# Future Illusion



## HKJ (7 February 2011)

Hi,

Who has had a foal by Future Illusion, and who is having one due this year?

Pictures would be nice  !!!

Does anyone know where he is standing now, and what he is doing?

I tried googling him, and all I can find is dated back to 2005!!!

I've got a lovely little KWPN (4 years old) who I am planning on breeding from in the next couple of years. I like to get a good knowledge for a stallion and his off-spring, before deciding.

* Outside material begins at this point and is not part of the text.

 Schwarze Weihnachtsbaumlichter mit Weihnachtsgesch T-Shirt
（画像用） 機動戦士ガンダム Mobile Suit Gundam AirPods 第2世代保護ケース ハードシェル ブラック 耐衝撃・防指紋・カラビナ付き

Also, who are the current KWPN Stallions people are using?

Thanks!


----------



## miller (7 February 2011)

http://www.futuresporthorses.co.uk/Future_illusion1.htm 

Based near me - can't tell you any more than that as have had no dealings but people on here with his offspring will soon be along


----------



## pip6 (7 February 2011)

I have spoken to Julia who owns FSH stud reguarly via email. Very nice person & generous sponsor of high class british breeding. If you have any questions about her gorgeous lad, just contact her & ask.


----------



## nijinsky (7 February 2011)

Ditto the above, speak to Julia, very helpful, very knowledgable, I met her a number of years ago when I first started my search for a stallion and now regard her as a very dear friend, she's always at the end of the phone if you need any help or advice with your babies or in general.

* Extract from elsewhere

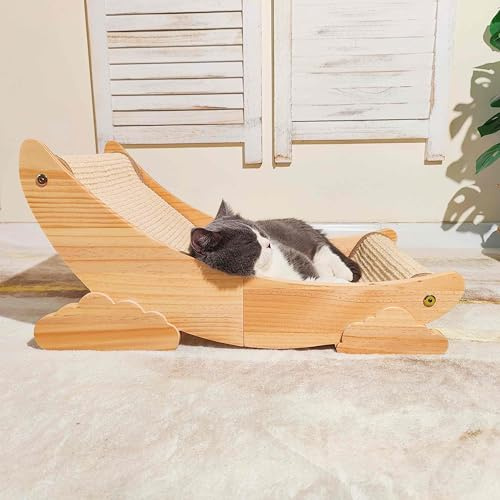 Pawzentic Kratzbaum für Katzen (natürliche Holzfarbe)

I used Future Illusion twice & was over the moon with my two fillies born in 2009 and I will be using him again this year.

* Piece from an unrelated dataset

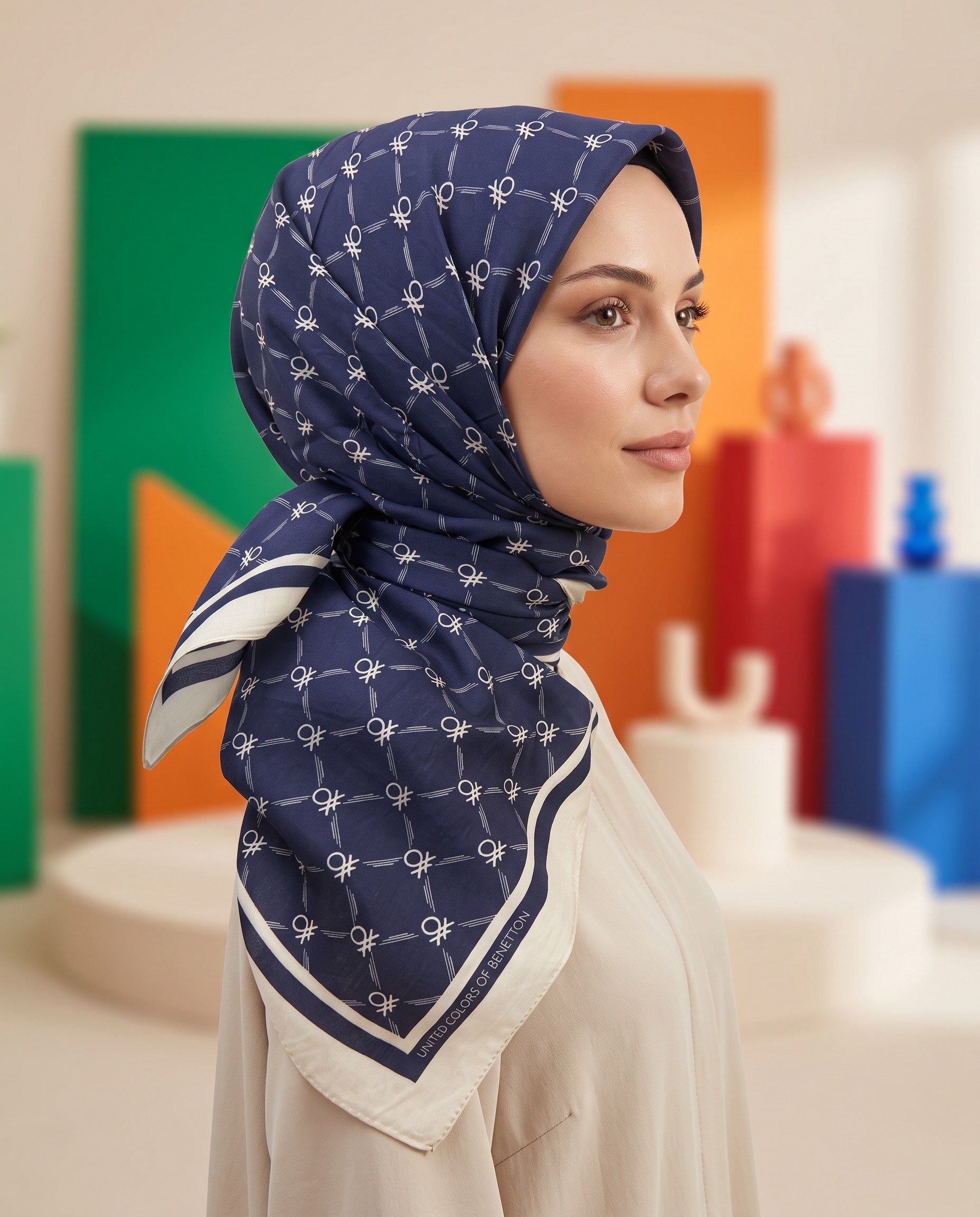 Benetton Viskon Eşarp - Siena - 1040-003 - Lacivert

www.futuresporthorses.co.uk is the website address which has all the contact details & there's lots of information on FI on his page.

Highly recommend him.


----------



## Vickijay (7 February 2011)

I went to meet Julia and Louis at a BE event last summer. 

He is a really lovely boy. Gorgeous looking and I think the friendliest stallion I have met (and have now met a fair few!) Spent some time leading him round the box park before his XC, whilst several mares batted their eyelashes at him and he ambled round after me. He was tacked up so I did consider hopping on and stealing him but figured I would probably have to give him back in the end and wanted to see him go XC!!

Gorgeous boy with a gorgeous temprement, lots of nice babies too 

Julia is a member on here (I think shes JuliaFSH but might be wrong) but havent read anything from her in ages....


----------



## Lgd (8 February 2011)

As far as KWPN stallions go, I've used Mooiman on my mare. Have two on the ground and one cooking.
First one is a now 4yo mare and she is an absolute poppet. Easy to train but lots of presence and movement to die for. Her Mum is 7/8 TB and a talented dressage horse but I wanted a better hind leg and more suspension in the paces which I got. Filly was reserve champion at her foal keuring.
Number 2 is now 8 months old, colt foal. Another classy mover like his sister. He gained a high first premium at his futurity evaluation. Again very sweet natured, the owner of the yard where he went for weaning has fallen in love with him so have a sneaky feeling he will be staying there.
I'm hoping for another filly to keep this time.


----------



## Thistle (8 February 2011)

I have a mare in foal to Louis too. I've met him a few times, at Stallion parades, out eventing and 'at home' at Janette Brakewells yard.

He seems to have a great temperament. At an event I told daughter to keep our mare away as she was in season. Julia replied that at events he knows his job and he goes to Twemlows for the other job.

I have used him on a little mare, Sec D X Newfie, full up 148cm, looks bigger as powerfully built and flat withered. I chose him as I wanted to refine her and add height. She is very laid back so I don't mind if a bit of the Fleetwater Opposition spark and attitude comes through (although it seems to have passed Louis by, he's pretty chilled out).

He has excellent quality semen (our vets commented on it!) and got 100% of his mares in foal last year (mine nearly let him down as she is an older maiden and had problems with fluid, because his semen is long lived we were able to clear the fluid whilst the semen was still viable).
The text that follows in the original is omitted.